3. Is the existence of distinctive subcultures within an organization likely to be related to


organization size, or the extent to which people in the organization are geographically
dispersed?
Jawaban :
Keberadaan subkultural yang khas dalam suatu organisasi berkaitan dengan ukuran
organisasi atau sejauh mana orang-orang dalam organisasi ditempatkan, karena
subkultural itu bisa muncul di beda divisi tapi masih dalam 1 organisasi.

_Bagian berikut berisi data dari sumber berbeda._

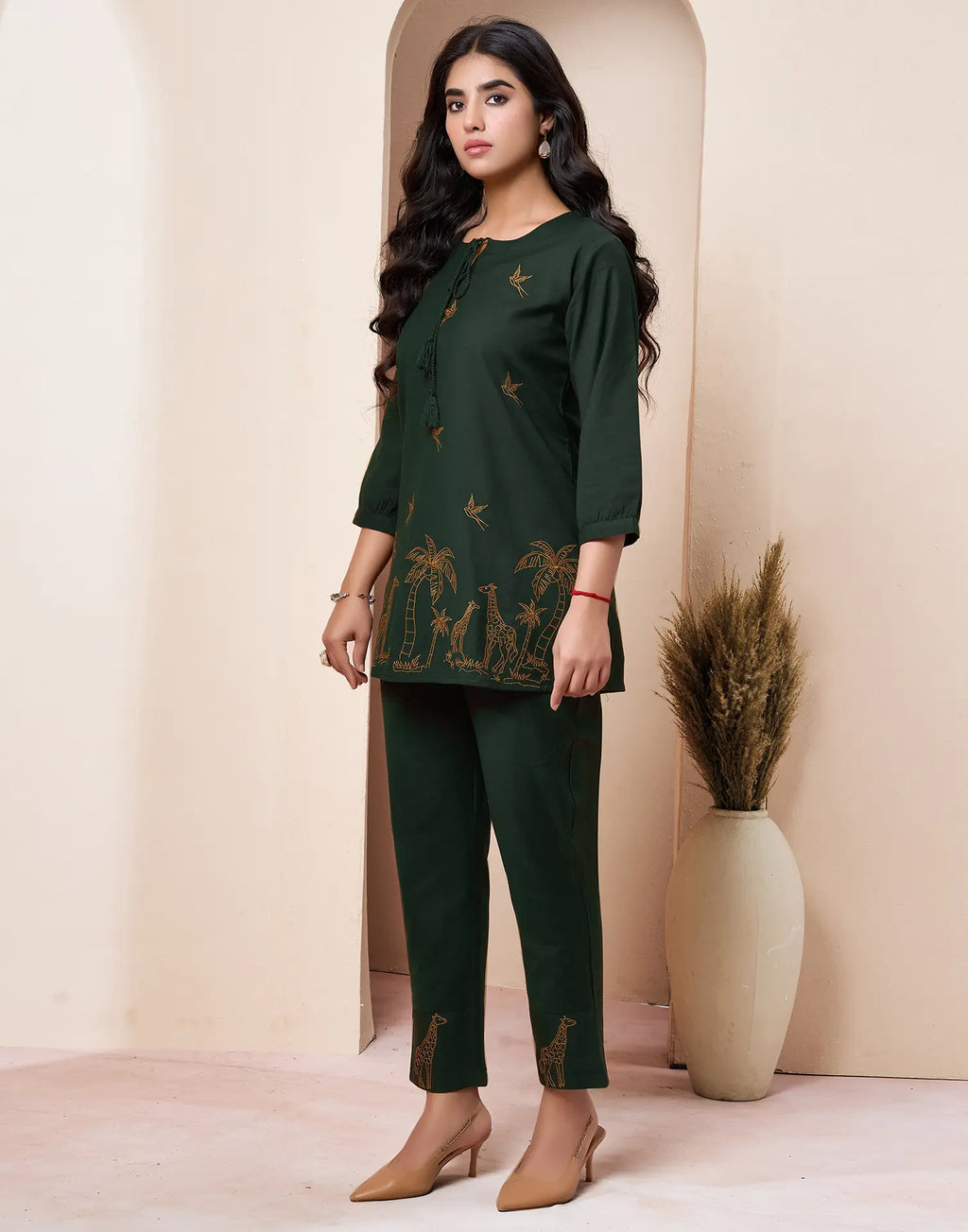 Cotton Printed Boat Neck Co-ord Set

Tapi dampak
keberadaan subkultural ini dapat menghambat proses berbagi pengetahuan. Karena
subkultural ini membentuk karakteristik dari masing-masing divisi. Keberadaan
subkultural tergantung ukuran organisasi, apabila ukuran organisasi kecil maka tidak
mungkin ada subkultural tetapi apabila ukuran organisasi besar bisa muncul subkultural.